About this exercise:
The span to repeat in the listing below runs from the line containing "Tekuté mýdlo Dettol Soft on Skin 250ml náplň" to the line containing "kegiatan sinkronisasi program dan kegiatan", inclusive. Repeat it exactly, and only it.

Task data:
|---|

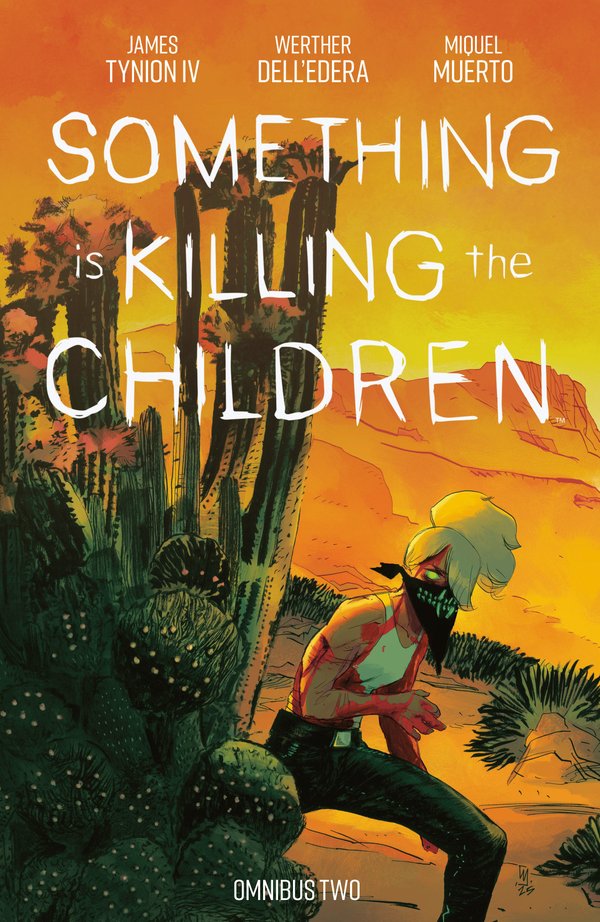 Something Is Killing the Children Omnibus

|---|

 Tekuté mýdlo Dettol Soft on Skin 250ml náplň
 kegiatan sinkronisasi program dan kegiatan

|---|

Response for this exercise:
 Tekuté mýdlo Dettol Soft on Skin 250ml náplň
 kegiatan sinkronisasi program dan kegiatan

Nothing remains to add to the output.